▶ [ASSIGNMENT]:
Indicate how many lines in the listing below contain the word "image". No other output is permitted.

▶ [EXERCISE INPUTS]:
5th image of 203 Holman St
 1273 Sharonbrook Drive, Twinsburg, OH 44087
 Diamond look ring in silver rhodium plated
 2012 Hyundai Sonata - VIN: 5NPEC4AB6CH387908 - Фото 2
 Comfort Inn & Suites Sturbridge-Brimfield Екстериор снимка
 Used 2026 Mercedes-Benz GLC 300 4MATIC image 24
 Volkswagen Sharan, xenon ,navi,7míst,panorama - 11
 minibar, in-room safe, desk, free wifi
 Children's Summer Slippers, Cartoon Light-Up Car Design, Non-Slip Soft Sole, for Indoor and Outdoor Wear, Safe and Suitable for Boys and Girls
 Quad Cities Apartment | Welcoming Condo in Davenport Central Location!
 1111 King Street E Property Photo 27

▶ [RESULT BELOW]:
2